The bpSA Education Foundation appreciates the importance of excellent skillsets in these subjects, which are key to the unlocking the country’s potential, creating employment and ensuring that it remains competitive within the world economy.
As such, the bpSA Foundation is integrally involved in supporting the development of skills in the critical disciplines of maths and science across the country, through a successful partnership with Wits University and its Targeting Talent Programme (TTP). The Wits TTP is a programme that aims to increase the academic, social and psychological preparation and performance of selected learners at tertiary level, with specific focus on the subjects of science and maths.

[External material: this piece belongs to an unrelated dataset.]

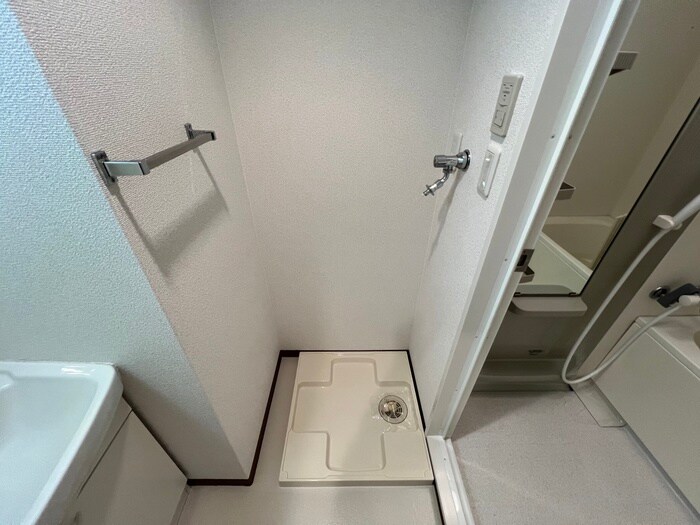 物件内観写真18　(洗濯機置場)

For the past three years, as part of the Wits TTP initiative, the bpSA Education Foundation has been funding academically talented learners from high schools in remote rural communities in Limpopo and Mpumalanga provinces, to participate in the programme. This direct involvement between Grades 10 – 12 gives them the opportunity to hone their maths and science skills.
During the current Wits TTP intake, the bpSA Education Foundation is hosting 659 students for a residential academic enrichment camp at Wits Campus. Starting on 08 July and running until 21 July, this intensive, twoweek educational programme with its focus on the maths, science and language curricula, is designed to develop both the cognitive skills and dispositional attributes required to cope with the demands of universitylevel study.
The bpSA Foundation has committed R105-million over five years into the TTP partnership, with R45-million having been spent to date. This year R15m will be spent to enrich the lives of just under 1 000 students, 60 educators and 26 schools.
“We acknowledge that maths and science skills are the new global currency, hence our emphasis on developing knowledge and excellence in these areas through sustained efforts and investment in the selected learners. During the programme, we equip these students with the necessary life skills to succeed during their tertiary studies and in the workplace, whilst creating a much-needed employment pipeline of successful graduates and future professionals that not only bp, but other corporates in South Africa can benefit from and tap into,” says Mokoena Motukuane, bpSA Foundation CEO.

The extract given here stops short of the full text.